**To do:**
Among the lines of the listing below, retype exactly those from the one containing "Judy Cannato - Radical" through the one containing "Viola e Viola（ヴィオラ", both included. Do not include pictures.

**Raw data:**
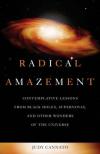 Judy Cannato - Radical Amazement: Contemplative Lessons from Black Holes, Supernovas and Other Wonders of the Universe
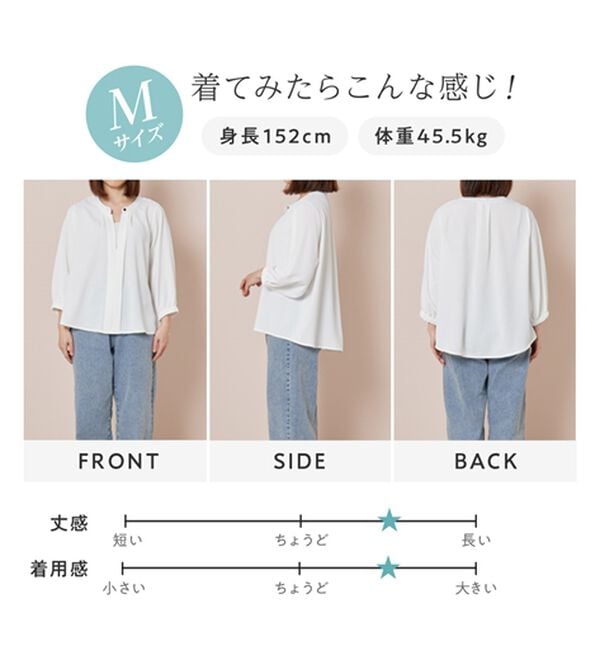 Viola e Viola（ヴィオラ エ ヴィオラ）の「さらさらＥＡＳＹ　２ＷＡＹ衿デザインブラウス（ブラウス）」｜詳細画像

--

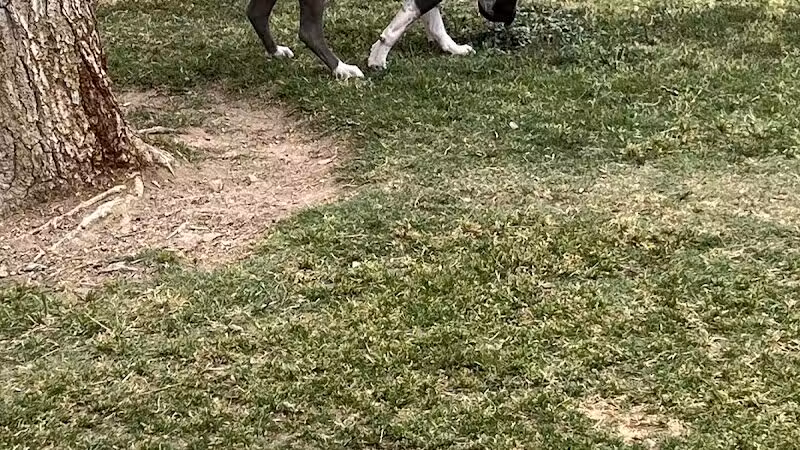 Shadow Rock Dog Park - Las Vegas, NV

**Your solution:**
 Judy Cannato - Radical Amazement: Contemplative Lessons from Black Holes, Supernovas and Other Wonders of the Universe
 Viola e Viola（ヴィオラ エ ヴィオラ）の「さらさらＥＡＳＹ　２ＷＡＹ衿デザインブラウス（ブラウス）」｜詳細画像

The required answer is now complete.